Correlations (Pearson) between regional protein levels of TSPO determined in this study vs. outcome measures of binding reported in the literature (p < 0.05 for solid lines and p > 0.05 for dashed lines). To assess the correlation between TSPO protein vs. TSPO binding amongst different brain areas, the following regions were employed, with subregional averages when necessary: thalamus, midbrain, globus pallidus, hippocampus, amygdala, cerebral cortical areas (cingulate, insula, frontal, temporal, parietal and occipital cortices), cerebellar cortex, and striatum (caudate and putamen). (a) TSPO protein versus [³H]PK11195 binding density determined by autoradiography in autopsied human brain reported by Doble et al. and [¹¹C](R)-PK11195 binding potential acquired by positron emission tomography (PET) reported by Cagnin et al. Note the lack of correlation between the regional distribution of TSPO protein in our autopsied human brain study vs. the regional distribution of binding of the first generation TSPO tracer, PK11195. (b, c) TSPO protein regional distribution in autopsied human brain versus PET total distribution volume (V_T) of five second generation TSPO radiotracers that are influenced by the single nucleotide genetic polymorphism (rs6971, HAB-high affinity binder and MAB-mixed affinity binder), including [F]-FEPPA reported by Atwells et al., [¹¹C]PBR28 reported by Rizzo et al., [¹⁸F]DPA-714 reported by Lavisse et al., [¹⁸F]PBR-111 reported by De Picker et al., and [¹⁸F]GE-180 reported by Fan et al.
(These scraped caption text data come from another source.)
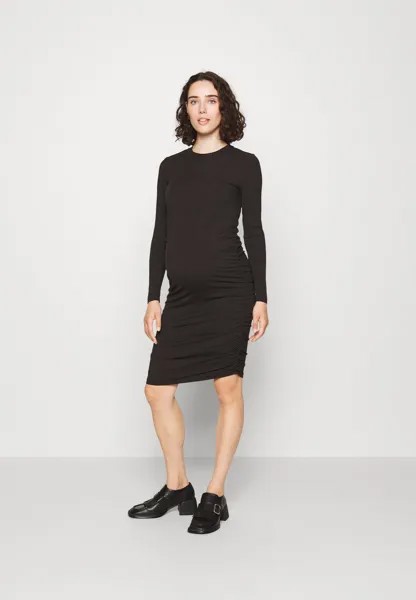 Платье из джерси OLMITSI  RUCHING ONLY MATERNITY, черный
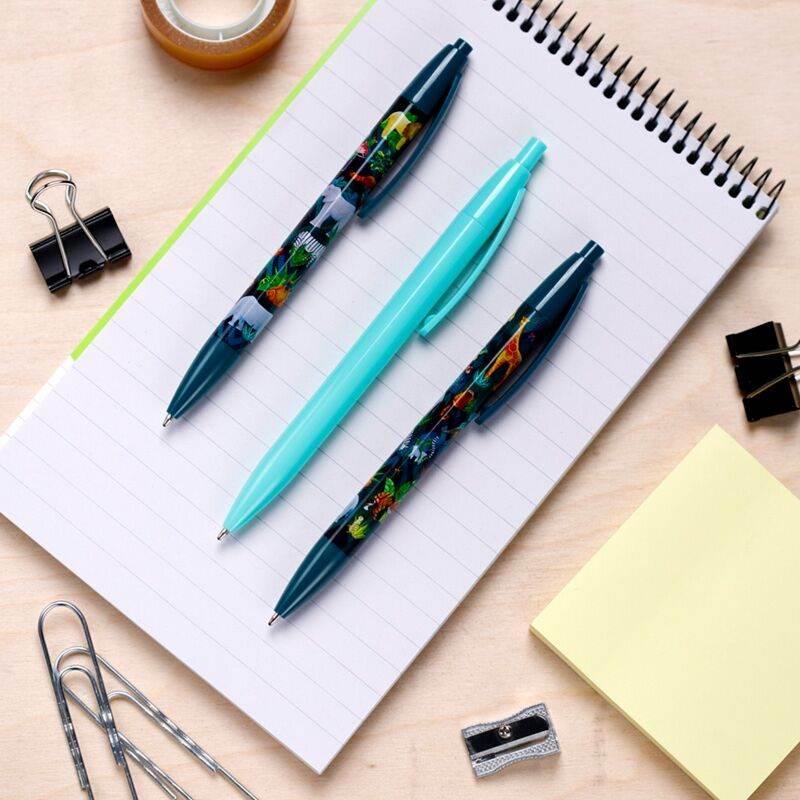 Animal Kingdom Recycled ABS (RABS) Pen Set of 3 - Cloud Nine Stores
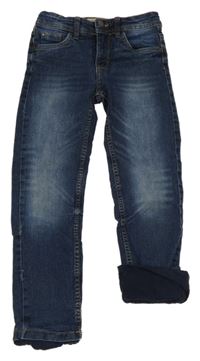 Tmavomodré podšité skinny rifle Pocopiano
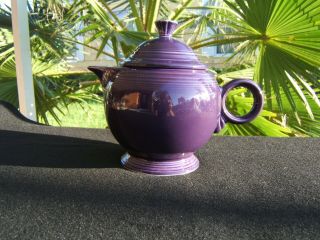Fiesta Large 44 Oz Teapot Tea Pot Fiestaware Nwot Plum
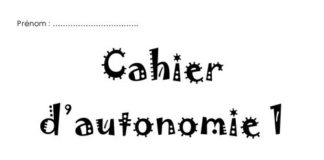 Management : Cahier d’autonomie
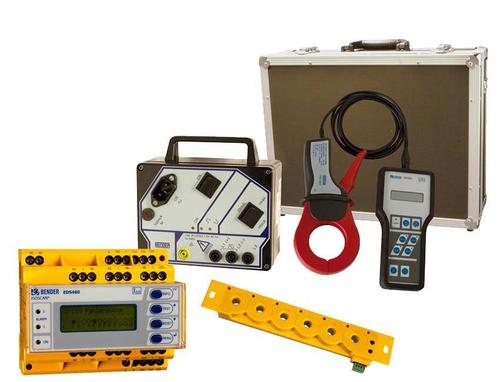Insulation Fault Location Monitor - 12 Measuring Channels, Yellow Color, 150 Grams Weight, Two Alarm Relays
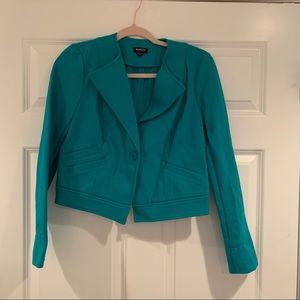 WORTH Teal Crop Jacket NWT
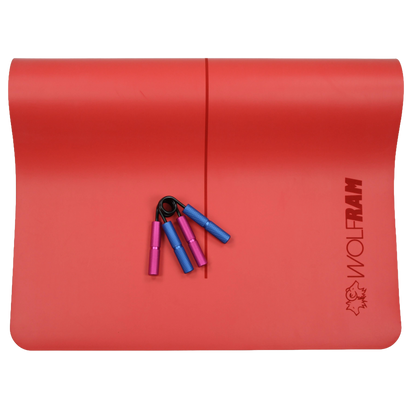 YOGA MAT AND HAND GRIPS KIT
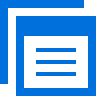 Image: iconmonstr Blue icon of forms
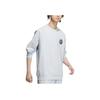 adidas Bluza dresowa Verbiage z podwójnej dzianiny z nadrukiem liter i kołnierzem w blokach kolorystycznych Męska bluza dresowa Jasnoniebieska JI6459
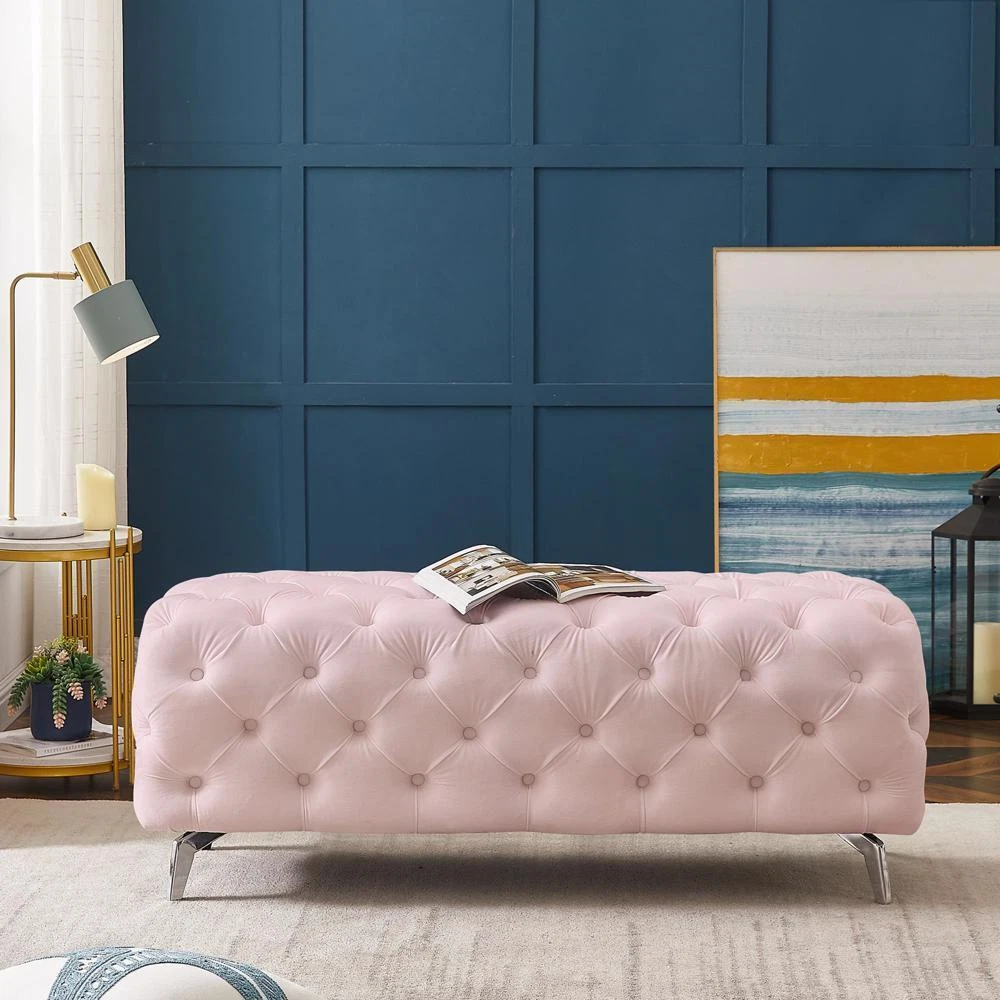 Pink upholstered stool clearance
Note that in contrast to the lack of correlation with the first generation ligand, there was positive (r = 0.72–0.79, p < 0.05) or a trend for a positive correlation (r = 0.45–0.55, p = 0.10–0.16) between the regional distribution of TSPO protein in autopsied brain vs. those of binding of the second generation tracers in PET imaging studies, with the exception of [¹¹C]PBR28 in MAB (r = −0.09, p = 0.82).

Figure 4.

Aging and neonatal developmental changes of levels of TSPO and GFAP in autopsied human brain. The inset shows enlarged portion below 1 year of age for TSPO. The linear correlations are for adults (18–99 years). The dashed line in the GFAP graph shows the linear correlation in the full age range (21 hours to 99 years of age) excluding five outliers (solid circles). Note high levels of TSPO during first three months of birth, its exponential drop thereafter, and slow increase during adult aging and senescence; in contrast, GFAP levels were low at birth, other than in the five outliers, and increased steadily throughout life.

Figure 5.

Increased levels of TSPO protein in putamen of patients with multiple system atrophy (MSA) as compared to control subjects. ***p < 0.001 (two-tailed t-test). Also shown are representative immunoblots of TSPO and an astroglial marker vimentin probed at the same time. Note greater increases in levels of vimentin as compared to that of TSPO in MSA (M1 and M2) versus controls (C1 and C2).